RECORDS PROVIDED:
★ ★ ★ ★ ★
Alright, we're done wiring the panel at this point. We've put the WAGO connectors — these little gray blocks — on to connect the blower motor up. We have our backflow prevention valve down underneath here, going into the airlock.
★ ★ ★ ★ ★
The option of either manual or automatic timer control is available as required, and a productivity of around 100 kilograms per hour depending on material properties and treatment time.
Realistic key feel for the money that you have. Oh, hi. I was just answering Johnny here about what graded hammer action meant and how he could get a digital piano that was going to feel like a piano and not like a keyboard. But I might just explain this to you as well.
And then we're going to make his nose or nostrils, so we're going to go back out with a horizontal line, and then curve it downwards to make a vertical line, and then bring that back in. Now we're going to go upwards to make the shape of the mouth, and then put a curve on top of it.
★ ★ ★ ★ ★
WHAT YOU NEED TO DO:
Determine, please, how many lines hold "have" in the records, and give that number by itself.

WRITTEN REPLY:
2